The Iran nuclear deal under Rouhani 2.0

An earlier version of the article was published by Aspenia Online.

DR ANISEH BASSIRI TABRIZI

On May 19, about 45 million Iranians participated in the twelfth presidential election, in which incumbent President Hassan Rouhani gained a determined majority of votes. The election was widely perceived as a referendum on the achievements of the Rouhani’s administration, with a particular focus on the nuclear deal, which constituted the centrepiece of his first mandate. His victory indicates that the majority of the Iranian people is in favour of continuity with regard to the stance of the country towards the international community and the commitments to the nuclear deal, but much of Iran’s posture during Rouhani’s second mandate will depend on the US approach towards the country.

Since his election in June 2013, Rouhani made of the resolution of the nuclear impasse his main goal, portraying the lifting of sanctions as crucial for the recovery of the Iranian economy. Once the Joint Comprehensive Plan of Action (known as the JCPOA) was announced in July 2015, his administration thus committed to ensure Iran abided by its end of obligations, whilst also working towards yielding the economic benefits many Iranians anticipated following the lifting of sanctions.

During his first term, some of the economic indicators improved: inflation (reduced from 35% to 9.5%), growth rate (which reached about 6%), oil exports (3 millions barrels per day) and foreign direct investments ($11 billion). Despite that, unemployment is still high and the non-oil-sector growth remains slow. Furthermore, international investments remain low compared to expectations, mainly because of the hesitation of large financial institutions to deal with Iranian entities, despite the sanctions relief.

The nuclear deal and its impact on the Iranian economy has been one of the main topics discussed during the election campaign and a consensus emerged among moderates and conservatives about the need to continue implementing the JCPOA: even the harshest critic and strongest rival of Rouhani, the conservative cleric Ebrahim Raisi, stated that “the nuclear deal, despite its shortcomings, is a national document”. This means that the opposition to the deal, which was advanced by the conservative camp up until late 2015 is largely gone.
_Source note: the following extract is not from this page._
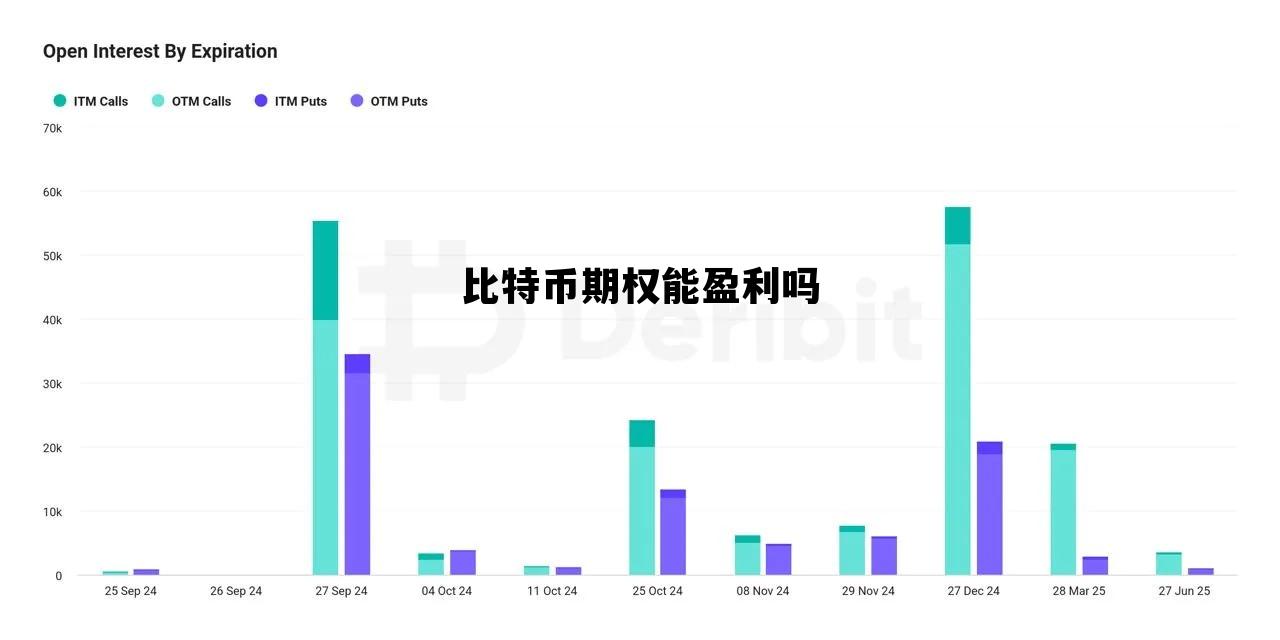 比特币合约套利真能稳赚不赔？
What remains is the criticism of the indirect implications of the deal.

In March, the Supreme Leader Ayatollah Ali Khamenei criticised the economic policies of Rouhani’s government, saying that they had fallen short and “do not meet people’s expectations and mine”. In April, he called on presidential candidates to be less reliant on Western investments. This inevitably piled pressure on the incumbent before the May elections, given that his policies heavily relied on attracting foreign investment and technology transfer. During the electoral campaign, the criticism towards the administration’s record on the economy front continued, with both Raisi and the mayor of Tehran, Mohammad Baqer Qalibaf, pledging to “cash in the check” of the nuclear deal and improving the living standards for the Iranian people without looking abroad.

The results of the elections demonstrate that the Iranian people still opted for the opening of the Iranian market to foreign investments and gave the government a confidence vote over the nuclear deal and its ability to help improve the country’s economy. Iran is thus unlikely to reverse its commitments to the JCPOA under Rouhani’s second mandate. What the administration will be pressured to do, on the other hand, is to make sure that the Iranian people will feel the economic benefit deriving from the deal.
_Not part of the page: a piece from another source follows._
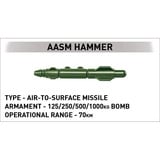 COBI Rafale C, Juegos de construcción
To do so, it will carry on with the attempts to attract international investments in Iran. The main challenge in this sense will be the continued hesitation of banking institutions to deal with Iranian entities. During his campaign, Rouhani stated he will negotiate the lifting of US non-nuclear sanctions (which are still in place against Iran and are the reasons for financial institutions’s concerns over potential violations and multi-billion dollars fines) with the American counterpart. But because of Trump’s stance towards Iran, that is likely to be a tall order.

Whilst the Trump administration is no longer advancing its line about the need to rip up the nuclear agreement or renegotiate its terms, the US is thus likely to actively discourage global investment in Iran. Since February, the new administration adopted a number of additional non-nuclear related sanctions against Iran to condemn its missile tests and alleged support for the Houthis in Yemen. Whether, despite that, Iran will maintain its commitments to the nuclear deal remains to be seen. What is clear is that, from an Iranian point of view, the future of the nuclear deal mostly depends on what posture the US will adopt towards the JCPOA and, more generally, towards Iran.

Image: Iranian President, Hassan Rouhani holding press conference after his victory at 2017 presidential election, 22 May 2017, via wikimedia.